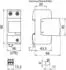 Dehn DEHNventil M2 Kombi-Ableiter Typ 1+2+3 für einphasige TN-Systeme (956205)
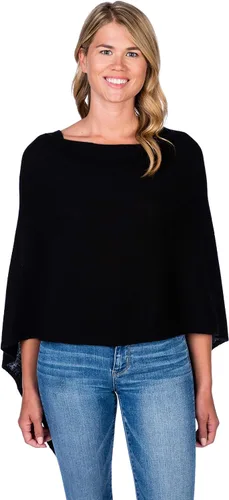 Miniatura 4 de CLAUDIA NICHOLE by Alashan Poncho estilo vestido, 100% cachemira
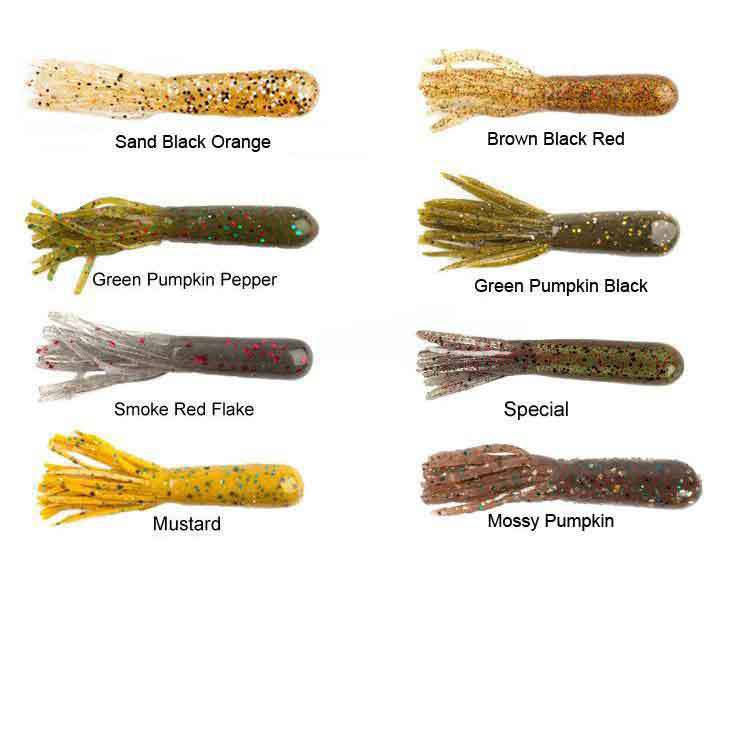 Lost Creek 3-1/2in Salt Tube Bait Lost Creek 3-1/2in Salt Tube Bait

...

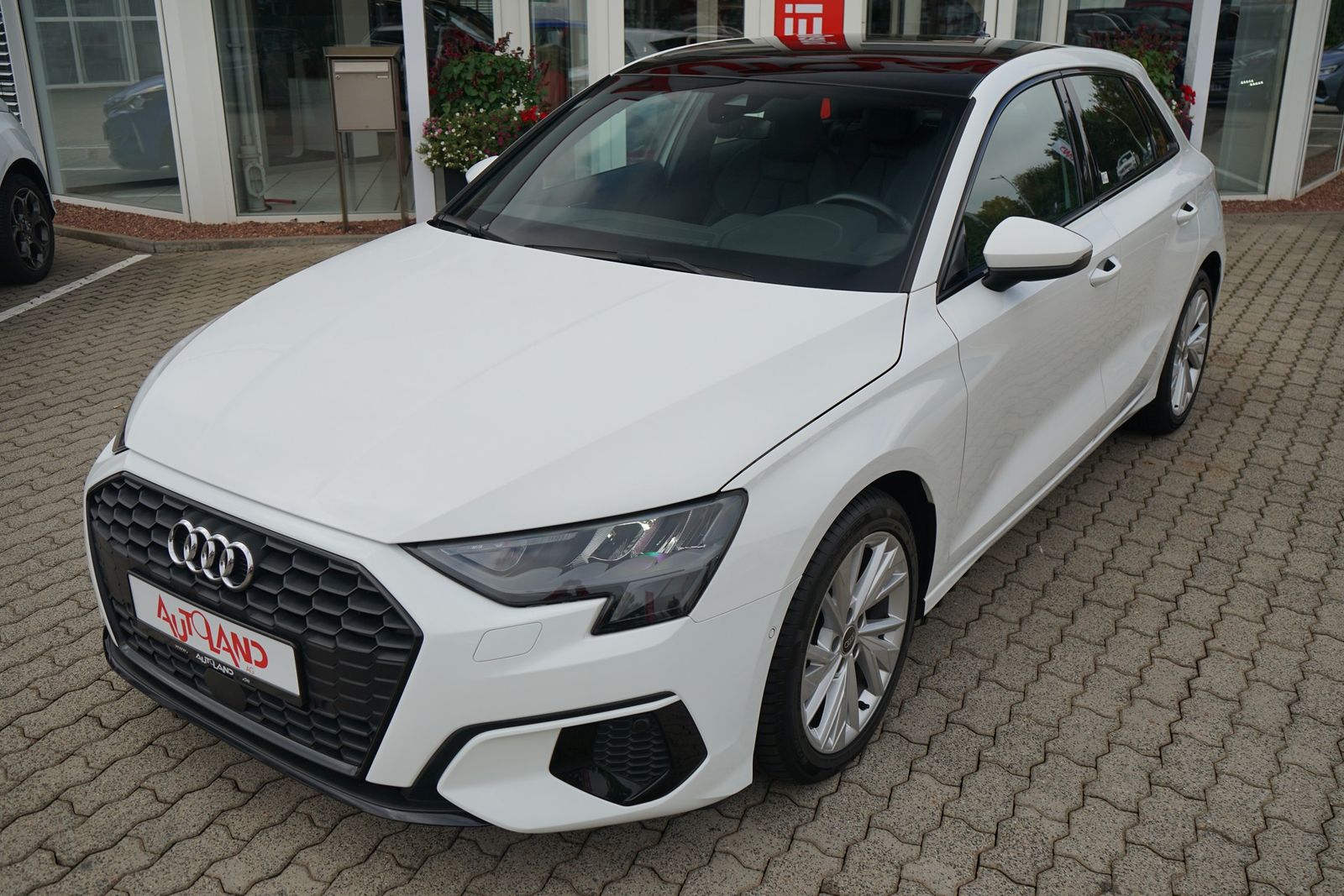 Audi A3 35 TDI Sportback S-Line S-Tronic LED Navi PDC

==

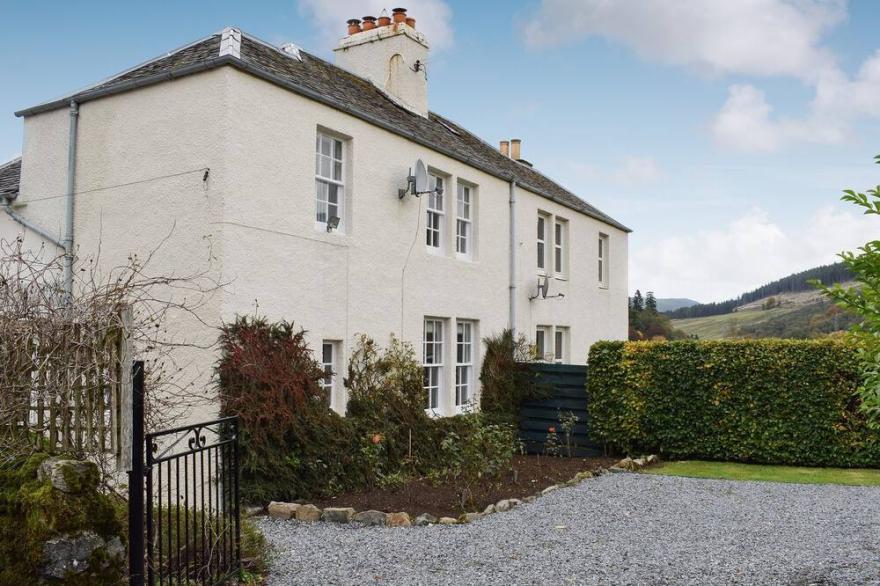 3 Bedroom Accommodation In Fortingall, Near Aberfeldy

WORK TO BE COMPLETED = Please output, exactly as written, the lines above from the one holding "Dehn DEHNventil M2" through the one holding "Lost Creek 3-1/2in Salt Tube Bait Lost", both included, with the pictures omitted.

SOLUTION =
 Dehn DEHNventil M2 Kombi-Ableiter Typ 1+2+3 für einphasige TN-Systeme (956205)
 Miniatura 4 de CLAUDIA NICHOLE by Alashan Poncho estilo vestido, 100% cachemira
 Lost Creek 3-1/2in Salt Tube Bait Lost Creek 3-1/2in Salt Tube Bait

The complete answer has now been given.